Here’s the quick’n’dirty script. What we basically do is getting all the rss-urls from the database, and call the get_multi_rss function with them. For not overloading the system with too many open connections, we do only 50 requests at once and give it a timeout of 20 seconds. This fetches the 600+ feeds in maximum 4 minutes, with “good internet weather” in less than 2 minutes. Not too bad, IMHO :) The settings are quite conservative for avoiding too many timeouts (we had some timeout problems with some servers during testing , but I couldn’t reproduce it later), but if you fetch more feeds at once with less timeout you can get them even faster.
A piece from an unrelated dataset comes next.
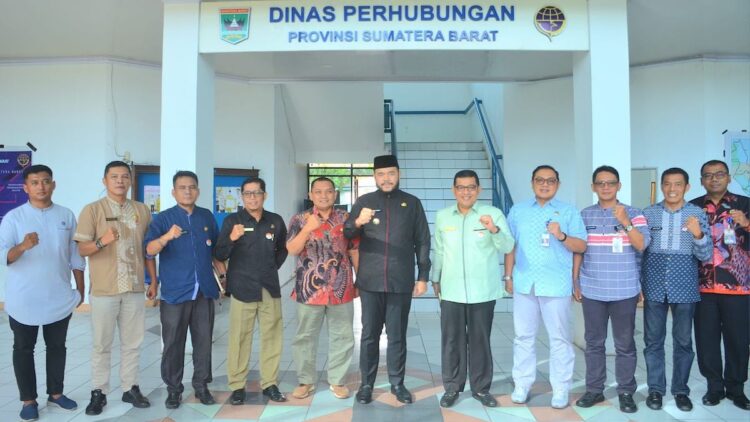 Berkunjung ke Dishub Sumbar, Wako Fadly Amran Ingin Dukungan untuk Transportasi di Padang 1 Fadly Amran kunjungi Dinas Perhubungan Sumbar. (dok. Prokopim)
The system isn’t really integrated in Matthias’ feed fetching setup, but what we do currently is only getting all those feeds, putting them into a directory, where Matthias gets them afterwards with his old script (sequential, Magpie and all that). This has mainly 2 reasons, Matthias’ server has currently only PHP 4 available (he will move soon to a better hoster here in Switzerland) but curl_multi is only available for PHP 5. And it had to go quick, ’cause the situation on blog.ch was almost unbearable. Therefore, until he moved, has PHP 5 available and some spare time, we will fetch the feeds for him from the 600 different blogs and he fetches then them from our server. It works pretty good and at least the timeout problem has gone.

The next task would be to integrate such a solution into magpie, so that the results can be directly parsed by magpie. Looks like a doable task with some spare time. Anyone wants to take over? :)

What about integration this into the PEAR Feed Parser thingy ?
Magpie is anyway badly written (I’m using it in a system for the shere reason that I have to support PHP 4 for now).

Anyway the pear feed parser would be the way to go for him when he’s on PHP 5 (even tho I haven’t looked at the code, can’t say if it sucks or not)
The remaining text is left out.